Georgian culture, traditionally was considered within the “radius of world”. Processes
that were going on in the art, and, first of all, in the literature, mainly, was a parallel
and similar to the processes that took place in Europe. Literature followed its internal
regularities and demonstrated such tendencies, which may have had any self-sufficient
culture. Such openness of Georgian culture was limited somewhat in certain centuries.
From the beginning of XX century, the artificial isolation has been prepared for disruption
from inside. Archil Jorjadze’s articles in this view was excellent confirmation.
His “aesthetism”, his point of view, which was oriented on European culture,
preachment of mystical reality, exemption from the “social service restraints” of art, all
of this created a completely different literary atmosphere. Kita Abashidze, who was fascinated
of French Culture and followed the universal principle of “natural changeability”,
thought that the appearance of symbolism was logically regular process in the Georgia
The scheme, which he created under the influence of Ferdinand Brunetière, french
writer and critic, was not perfect, because it contained a lineata opinions. Nevertheless,
Kita Abashidze’s writings, his support for a new generation had a great importance to
the development of Georgian culture. The Symbolism was one of stream of Modernism.

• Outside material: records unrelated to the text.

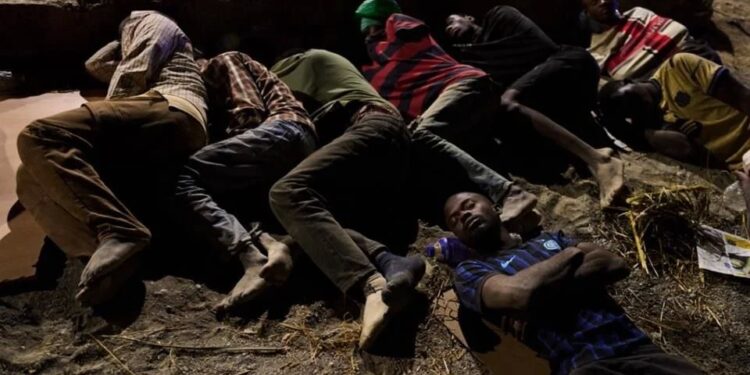 Estiman que de 3 mil a 5 mil migrantes permanecen en Ceuta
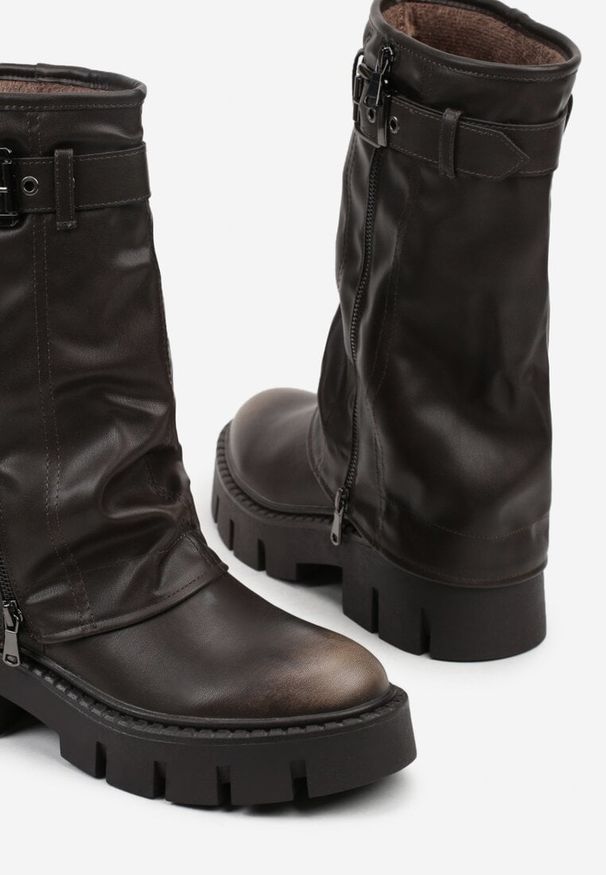 Born2be - Brązowe Botki Biker z Wywiniętą Cholewką i Paskiem z Klamerką Versana. Okazja: na co dzień. Zapięcie: pasek. Kolor: brązowy. Materiał: koronka, jeans, skóra. Szerokość cholewki: normalna. Wzór: koronka. Styl: casual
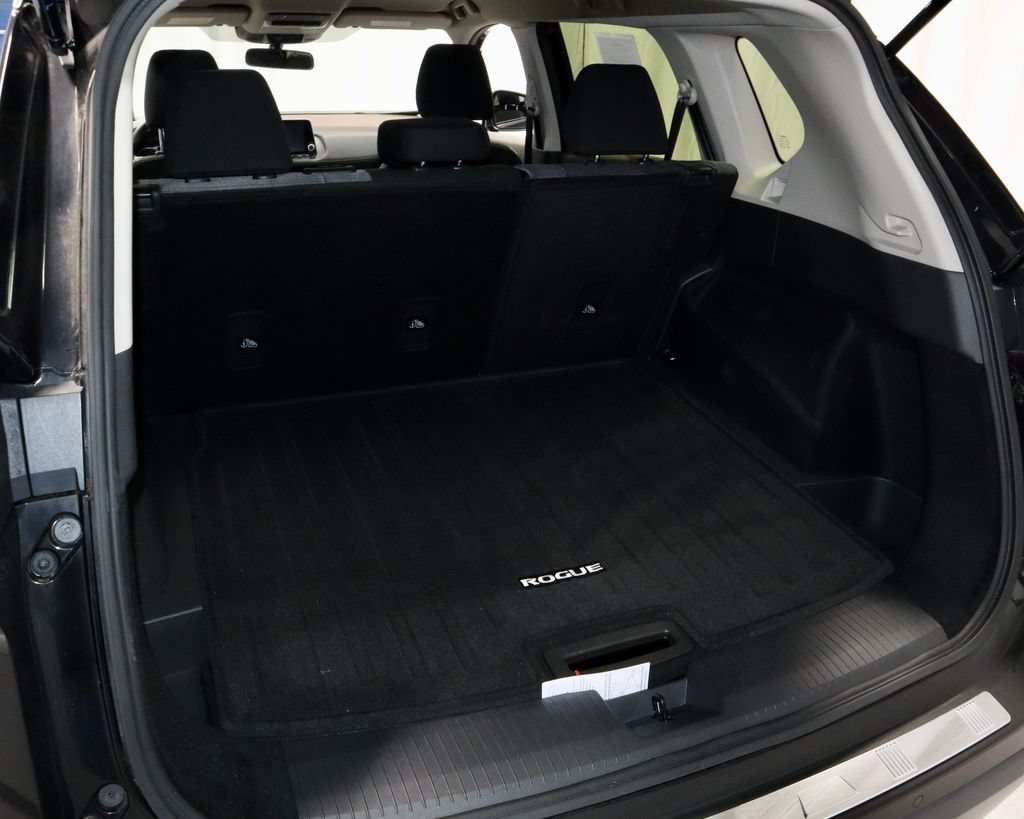 Used 2023 Nissan Rogue SV AWD/4WD image 12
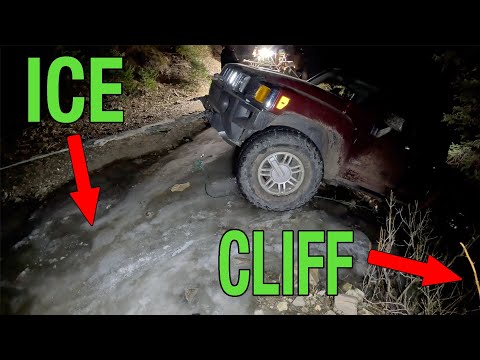 Видео: Ледяная дорога стала причиной аварии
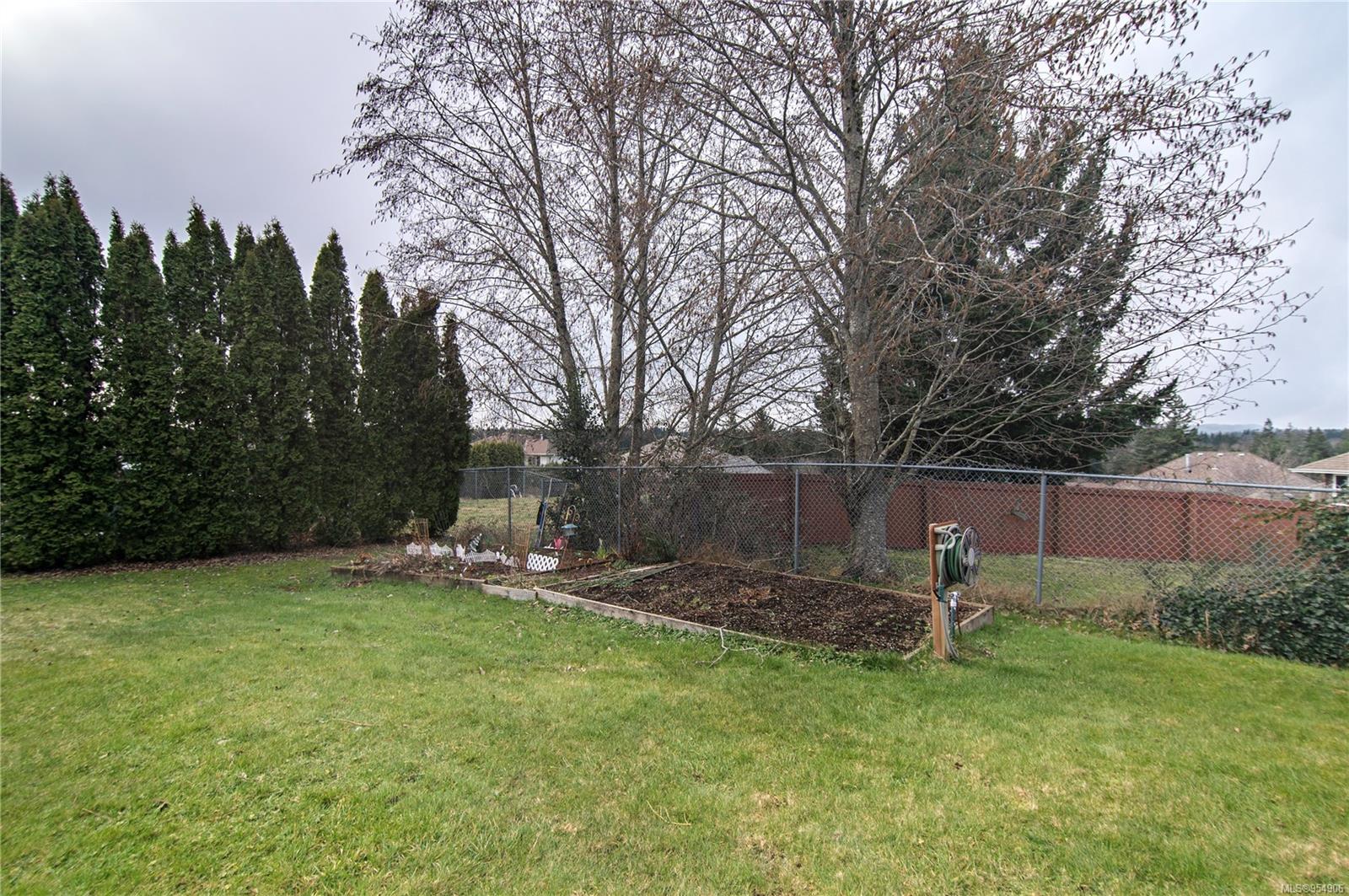 280 DOGWOOD St S # 301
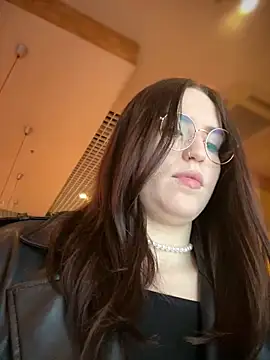 meow girl online show from 12.21.25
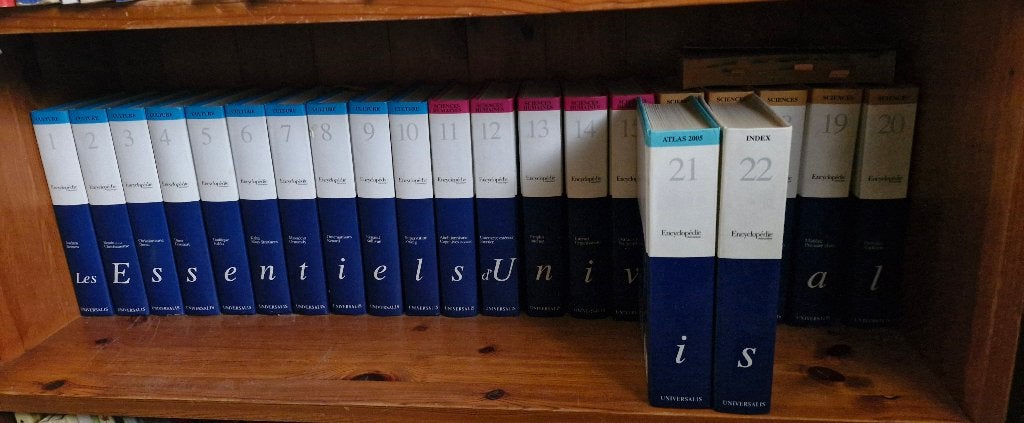 A donner encyclopédie Universalis, Livres, Encyclopédies, Enlèvement
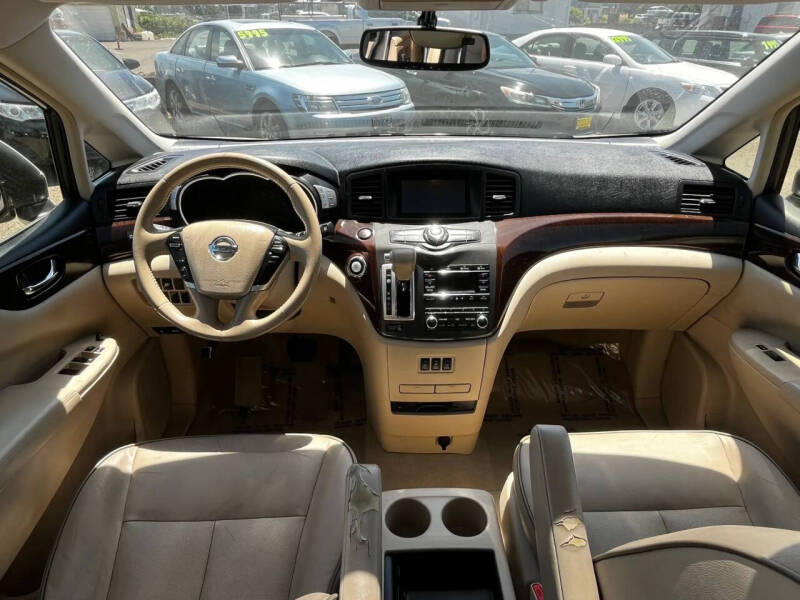 2012 Nissan Quest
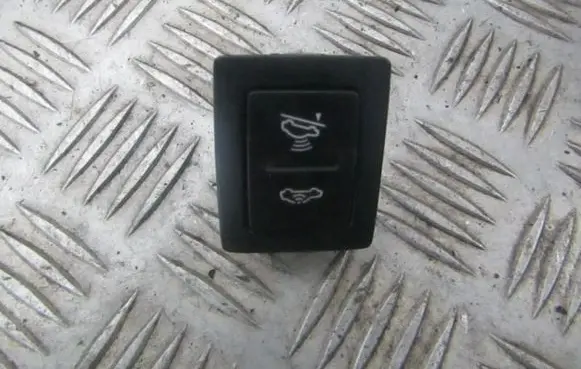 Volkswagen Touareg I Alarm switch 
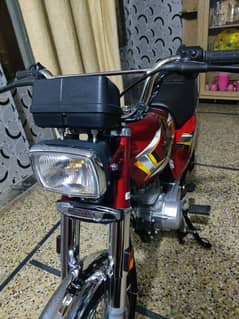 Honda 125 2025 0 condition 393 km chala hua ha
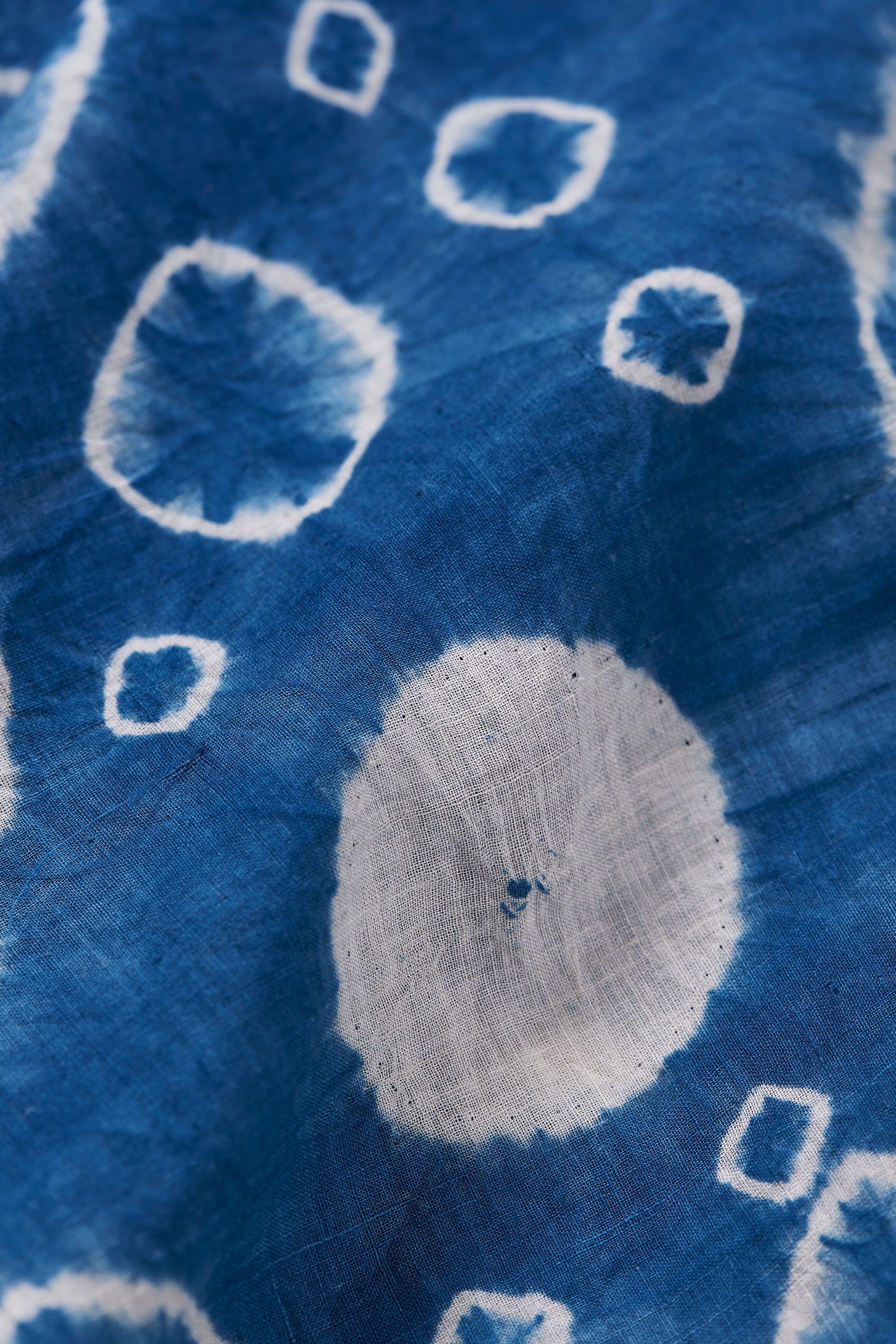 MEDIUM INDIGO KIMONO SLEEVE SHIBORI SHIRT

Gradually appeared in Georgia as well-known names in Europe such as Arthur Schopenhauer,
Friedrich Nietzsche, Oscar Wilde, Wilhelm Wagner and others.
The Scandinavian influence was evident in the creativity of Chola Lomtatidze, especially,
August Strindberg’s and Knut Hamsun ‘s style. Nico Lortkipanidze had an influence
of the Vienna School , especially, Arthur Schnitzler’s and p. Peter Altenberg’s style.
This influence was not only meant an imitation, But the aspiration to create a new artistic,
modernistic methods in Georgian literature. Great importance was also, that Vasil Barnov
embodied the old Georgian syntax and thus made his narrative more stylized.
A new generation of writers (among them, first of all, “The Blue Horns”, Gregory
Robakidze, Konstantine Gamsakhurdia, and others), not impulsive, but consciously
applied to experiments. Modernism meant primarily to introduce novelty. This process
entailed the entire Georgian culture. That is why this process was called by Grigol Robakidze
as Renaissance of Georgian Culture.
In general, the two high flow was in a half of XX century in the Georgian Literature:
on the one hand, Modernism, with its various branch (Symbolism, Impressionism,
Expressionism, Futurism), and, on the other hand, Neorealism of Javakhishvili’s prose,
which was demonstrating the pulse of the epoch.